- Opening Delimiter -

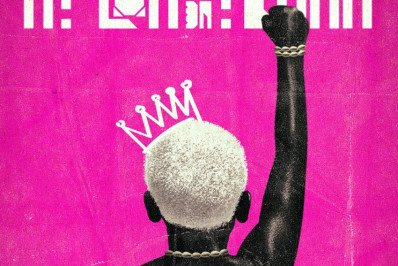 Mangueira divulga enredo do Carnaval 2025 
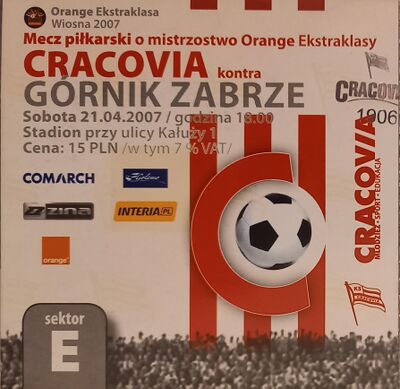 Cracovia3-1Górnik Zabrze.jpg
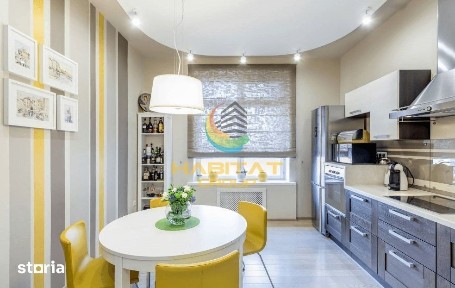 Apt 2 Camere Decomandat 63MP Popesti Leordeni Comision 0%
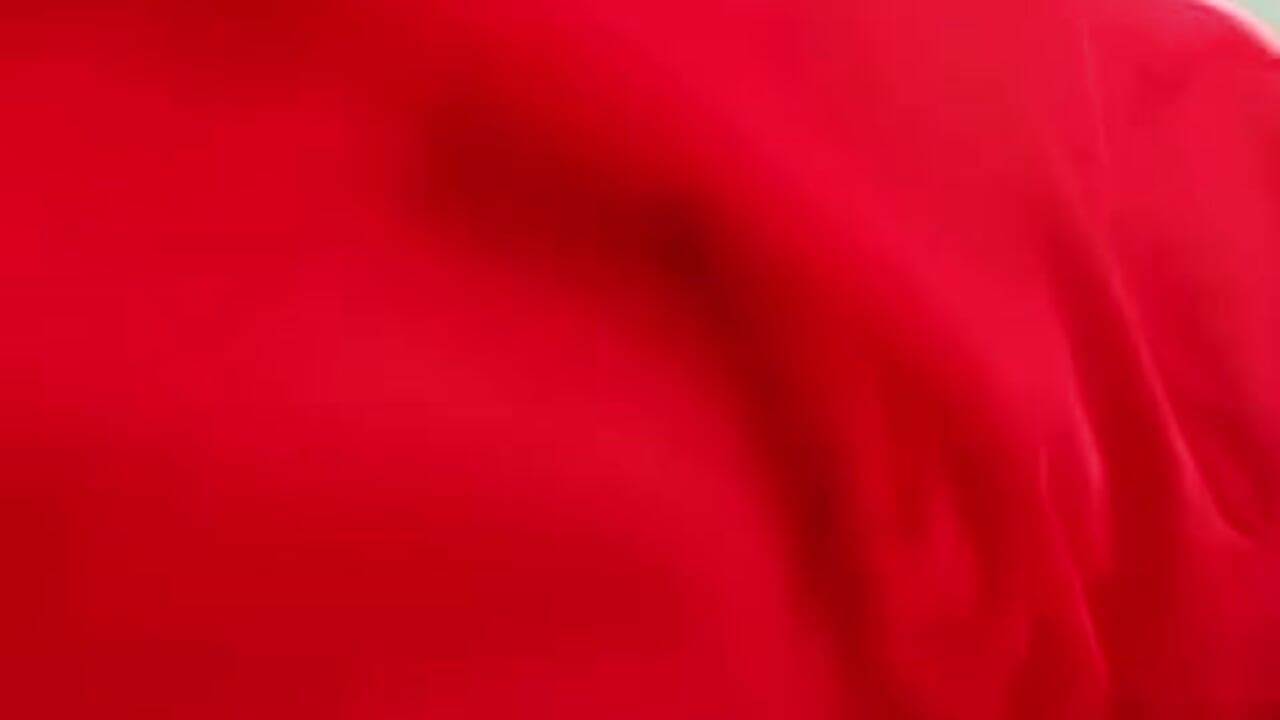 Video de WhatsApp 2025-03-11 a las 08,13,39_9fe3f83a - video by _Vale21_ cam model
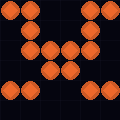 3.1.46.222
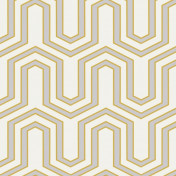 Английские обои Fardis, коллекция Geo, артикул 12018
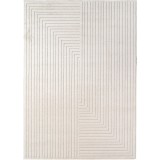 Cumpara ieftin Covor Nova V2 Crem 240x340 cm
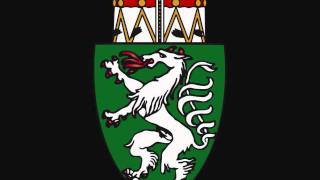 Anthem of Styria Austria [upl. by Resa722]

- Closing Delimiter -
- Opening Delimiter -

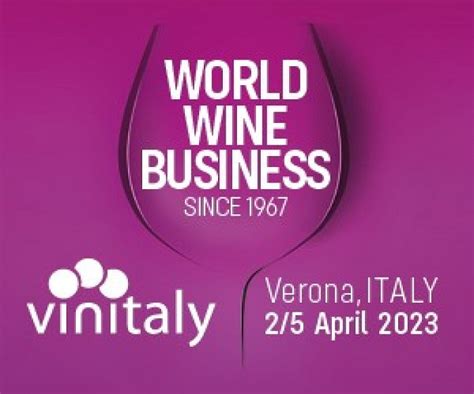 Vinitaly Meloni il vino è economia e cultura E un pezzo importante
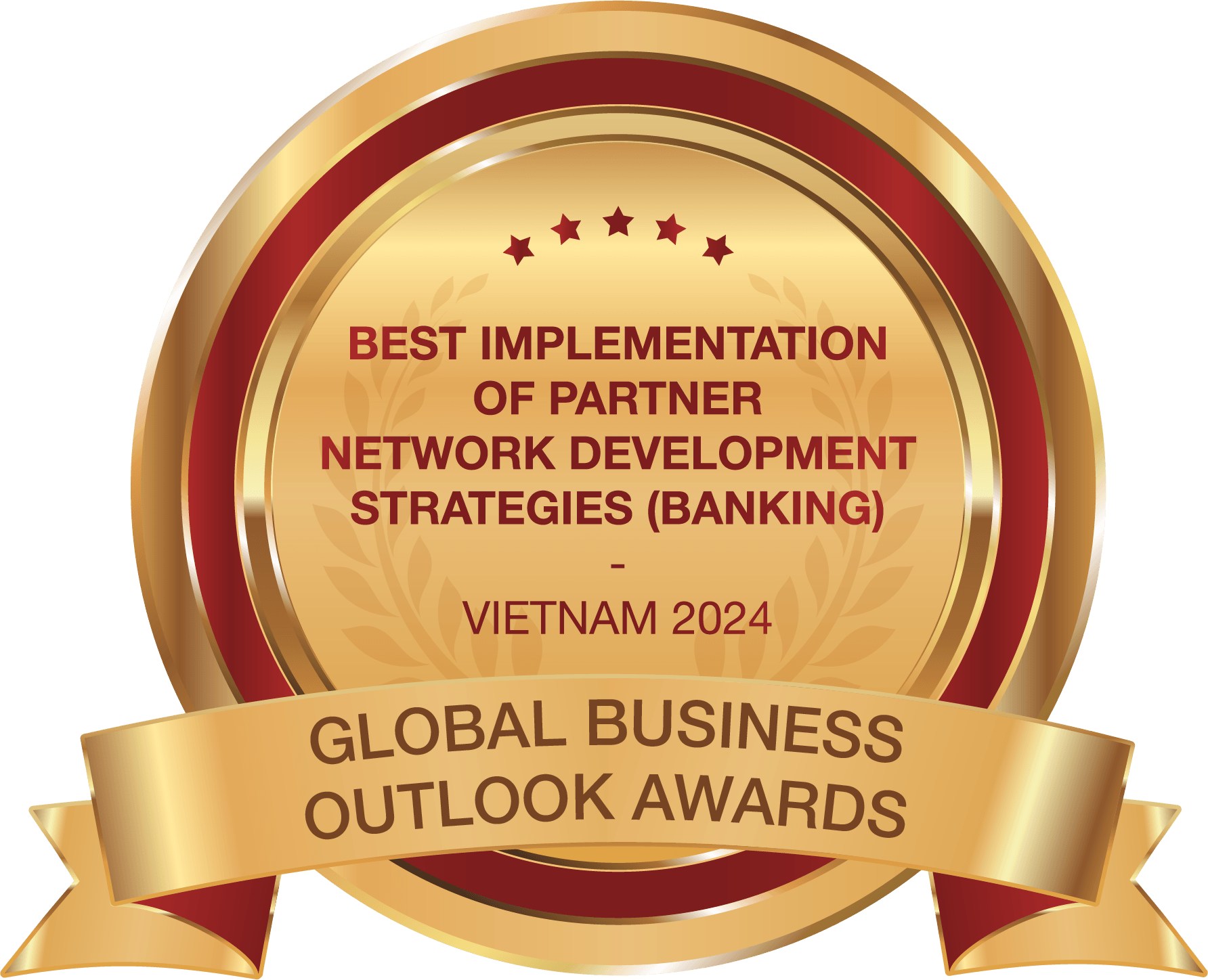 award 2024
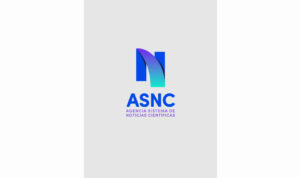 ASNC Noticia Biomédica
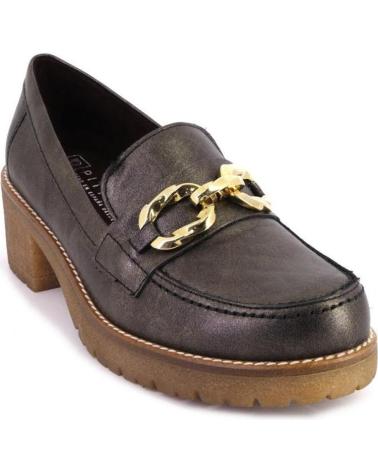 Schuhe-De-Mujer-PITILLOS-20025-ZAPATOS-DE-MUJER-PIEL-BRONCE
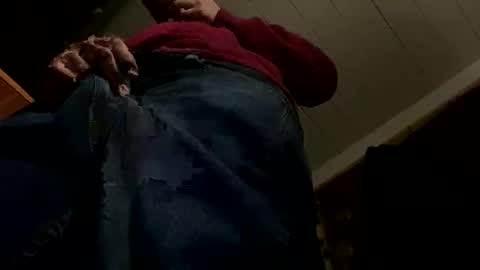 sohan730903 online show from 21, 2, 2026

- Closing Delimiter -

▸ What the task asks:
Give back the exact lines above, running from the one that has "Apt 2 Camere" through the one that has "Anthem of Styria Austria [upl. by Resa722]", with nothing added and no pictures.

▸ Solution:
 Apt 2 Camere Decomandat 63MP Popesti Leordeni Comision 0%
 Video de WhatsApp 2025-03-11 a las 08,13,39_9fe3f83a - video by _Vale21_ cam model
 3.1.46.222
 Английские обои Fardis, коллекция Geo, артикул 12018
 Cumpara ieftin Covor Nova V2 Crem 240x340 cm
 Anthem of Styria Austria [upl. by Resa722]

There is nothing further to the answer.